E da quanto fu discorso, ci sembra risulti chiaramente che, pesati i vantaggi e gli svantaggi, il bilancio riesca nel complesso favorevole ad Euripide.

Egli è già qui sulla via che batterà poi con passo franco e vittorioso nella Ifigenia in Aulide. Scoprire nel soggetto prescelto gli elementi di commozione umana, e lavorar su quelli direttamente, togliendo di mezzo, spesso con ostentazione, ogni speciosa vernice d’eroismo. Se ne va, cosí, lo spirito dionisiaco; ma l’interesse rimane; e quando un’opera d’arte riesce ad interessare, si sottilizzi finché si vuole, ma è opera riuscita. E questa Elettra è, per consenso comune, uno dei drammi che piú incatenano il nostro interesse.
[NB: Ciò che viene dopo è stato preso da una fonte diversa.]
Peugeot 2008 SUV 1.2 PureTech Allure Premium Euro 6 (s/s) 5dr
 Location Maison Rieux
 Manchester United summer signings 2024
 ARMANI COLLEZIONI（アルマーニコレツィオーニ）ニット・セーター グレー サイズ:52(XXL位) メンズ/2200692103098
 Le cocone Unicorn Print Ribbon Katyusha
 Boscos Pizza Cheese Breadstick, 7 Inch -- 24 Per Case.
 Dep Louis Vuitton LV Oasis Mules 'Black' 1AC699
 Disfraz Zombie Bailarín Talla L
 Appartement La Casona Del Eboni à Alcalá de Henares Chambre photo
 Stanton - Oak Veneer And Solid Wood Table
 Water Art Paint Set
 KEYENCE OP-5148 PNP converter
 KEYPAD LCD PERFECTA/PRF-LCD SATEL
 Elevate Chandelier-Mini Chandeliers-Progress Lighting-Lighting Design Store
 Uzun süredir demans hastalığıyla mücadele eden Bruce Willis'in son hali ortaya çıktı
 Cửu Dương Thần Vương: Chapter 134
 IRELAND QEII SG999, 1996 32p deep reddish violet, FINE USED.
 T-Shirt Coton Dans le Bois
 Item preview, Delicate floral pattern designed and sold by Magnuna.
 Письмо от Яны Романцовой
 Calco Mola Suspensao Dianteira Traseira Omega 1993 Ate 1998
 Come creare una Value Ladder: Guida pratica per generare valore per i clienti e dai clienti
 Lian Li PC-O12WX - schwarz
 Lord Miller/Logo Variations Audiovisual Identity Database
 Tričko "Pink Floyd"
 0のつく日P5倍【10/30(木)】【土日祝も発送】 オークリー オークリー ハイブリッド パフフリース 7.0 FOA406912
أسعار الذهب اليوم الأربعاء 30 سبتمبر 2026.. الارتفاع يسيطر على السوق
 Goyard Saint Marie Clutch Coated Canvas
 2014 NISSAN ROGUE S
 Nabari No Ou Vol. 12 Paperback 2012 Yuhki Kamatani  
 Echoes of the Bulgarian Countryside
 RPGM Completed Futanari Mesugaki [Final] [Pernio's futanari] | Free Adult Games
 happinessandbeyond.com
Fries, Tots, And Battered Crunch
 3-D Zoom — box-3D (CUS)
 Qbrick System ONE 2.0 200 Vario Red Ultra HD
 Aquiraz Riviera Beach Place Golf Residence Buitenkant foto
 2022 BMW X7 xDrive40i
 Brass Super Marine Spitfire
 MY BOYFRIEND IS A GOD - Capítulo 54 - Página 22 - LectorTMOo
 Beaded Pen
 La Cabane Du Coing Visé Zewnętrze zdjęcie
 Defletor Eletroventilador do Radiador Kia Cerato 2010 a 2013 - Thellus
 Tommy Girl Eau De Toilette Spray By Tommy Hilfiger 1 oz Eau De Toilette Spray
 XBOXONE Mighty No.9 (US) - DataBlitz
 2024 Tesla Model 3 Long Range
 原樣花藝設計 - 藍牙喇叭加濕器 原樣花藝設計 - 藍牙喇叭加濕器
E, a parte ciò, bisogna rilevare che in esso abbondano i luoghi insigni per pura eccellenza artistica. Il discorso di Elettra sul cadavere di Egisto è quanto si può immaginare di piú vibrante e drammatico. La strage di Clitemnestra è descritta, nel kommòs, con una evidenza di particolari drammatici emula della rappresentazione diretta. Il duetto finale, per la sua virtú di commozione, va annoverato fra le gemme del teatro d’Euripide. E notevole è tutto il finale, in cui, con effetto che ritroveremo poi nelle Baccanti, ma che qui forse era nuovo, si effettua la catarsi — se per catarsi intendiamo una purificazione dal culmine dell’errore tragico, ottenuta col ritorno di una piena ondata di sentimenti umani, dopo la furia sfrenata della disumana ferocia inerente alla tragedia.